The only other difference is this is a root partitioned system...even though I zeroed it out with the option set to false...

scottgelb · ‎2015-08-01

8.3P1 also worked. The mailbox disks automatically moved to the new mroot aggregate. Again the only difference is a root partition. I will chalk this up to an anomaly... NetApp support has the logs and ASUPs that went out when we ran into this and should be able to see it all (RSA also enabled with updates). But I will always check mailbox location before every removing disk ownership... although cDOT did save the day since we were able to do this with no data on the HA-pair...
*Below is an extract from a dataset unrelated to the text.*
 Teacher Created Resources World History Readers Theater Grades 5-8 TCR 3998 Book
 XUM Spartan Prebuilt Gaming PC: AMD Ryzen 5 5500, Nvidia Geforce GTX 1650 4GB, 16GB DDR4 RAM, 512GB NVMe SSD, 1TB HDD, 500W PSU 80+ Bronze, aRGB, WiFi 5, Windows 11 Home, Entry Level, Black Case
RichardPittman · ‎2015-08-14

I ran into this exact problem last week! I have a loop of FC shelves that I am replacing with a SAS stack. I had to do the NDO procedure to move the node root aggr off of the FC disks. That worked like a charm but apparently the mailbox disks didn't get moved along with the root aggr/vol. As soon as I tried to unown the now "unused" FC disks the node paniced and went down. The partner node stayed up though. I was able to boot into maintenance mode and do the 'mailbox destroy local' command to get them to rebuild on the SAS drives. The node came back up but I'm not convinced it is 100% kosher yet. I have a feeling I'm looking at another planned outage window to take both nodes down and rebuild the mailboxes on both sides.

I've done a bunch of hot-shelf removals but never encountered this. This is the first time I've had to move the node root aggr though and you can be sure I'll be checking mailbox disk location form now on!

scottgelb · ‎2015-08-14

Support has the log files and is looking why it didn't move... in every other case it seems to move but we think it may be a lock on the mailbox that doesn't happen often... if we add a check of mailbox to the procedure then we can see if on the old disks... do a takeover... then when the partner is down, destroy local and boot...then giveback. Should be all NDU 🙂 Just a check needed to make sure... or fix the bug where it doesn't move or give us the ability to move mailboxes hot...lots of ways to go but my advice is check mailbox location then remediate ndu if needed. Could be worse but what we don't know can cause a panic.